Monday, February 6, 2012

GJ 667Cc: Heavier than Earth, Maybe About as Warm

"Newfound Alien Planet is Best Candidate Yet to Support Life, Scientists Say"
Denise Chow, Space.com (February 2, 2012)

"A potentially habitable alien planet - one that scientists say is the best candidate yet to harbor water, and possibly even life, on its surface - has been found around a nearby star.

"The planet is located in the habitable zone of its host star, which is a narrow circumstellar region where temperatures are neither too hot nor too cold for liquid water to exist on the planet's surface.

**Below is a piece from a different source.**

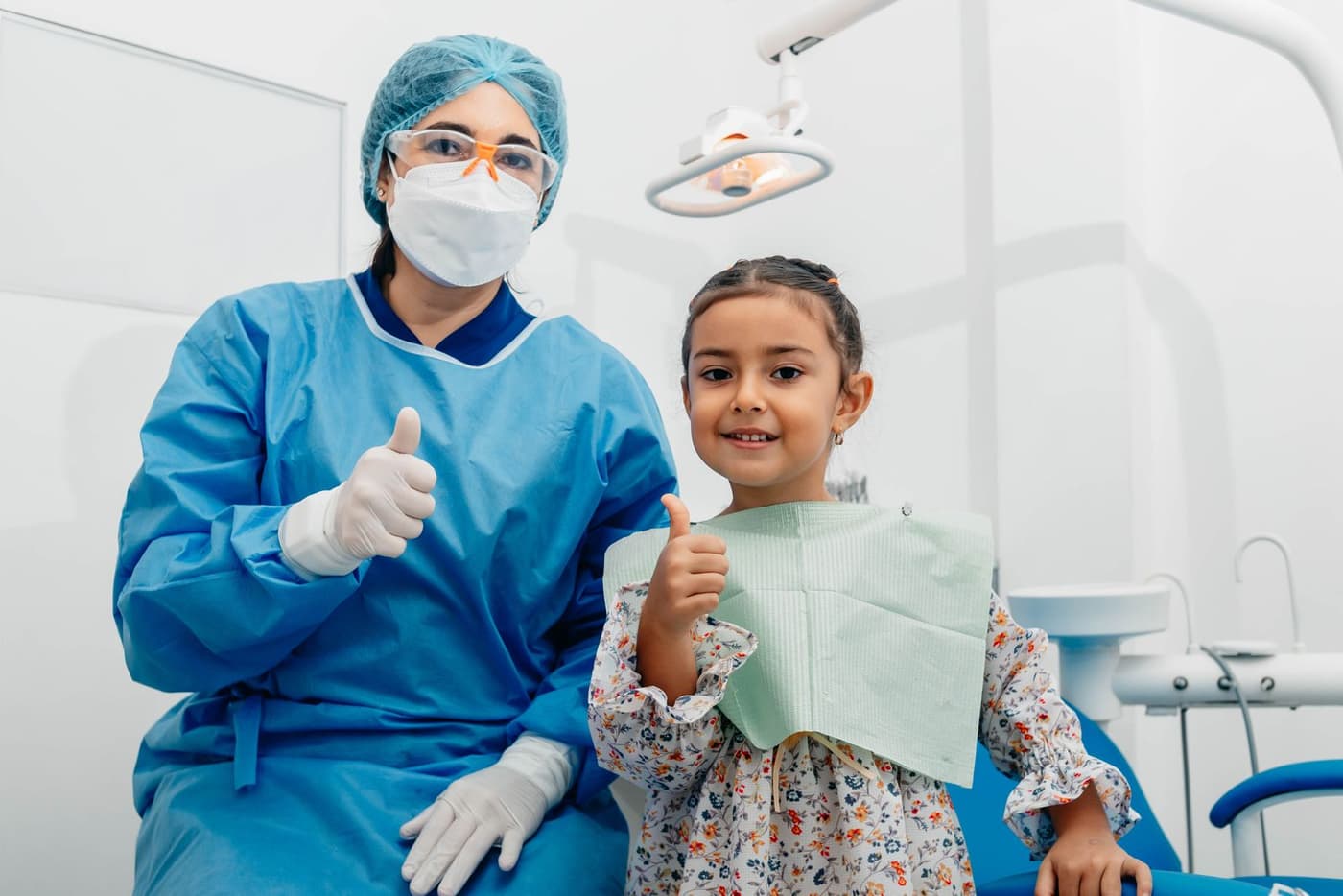 A dentist and a young patient smiling and giving a thumbs up in a dental office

" 'It's the Holy Grail of exoplanet research to find a planet around a star orbiting at the right distance so it's not too close where it would lose all its water and boil away, and not too far where it would all freeze,' Steven Vogt, an astronomer at the University of California, Santa Cruz, told SPACE.com. 'It's right smack in the habitable zone - there's no question or discussion about it. It's not on the edge, it's right in there.'..."


(Carnegie Institution for Science, via Space.com, used w/o permission)

The planet's sun, GJ 667C, is so close that light only takes 22 years to make the trip to Earth's neighborhood. By galactic standards, GJ 667C is about as close as it gets. By comparison, the closest star, Proxima Centauri, is a little over four years away as the light beam travels.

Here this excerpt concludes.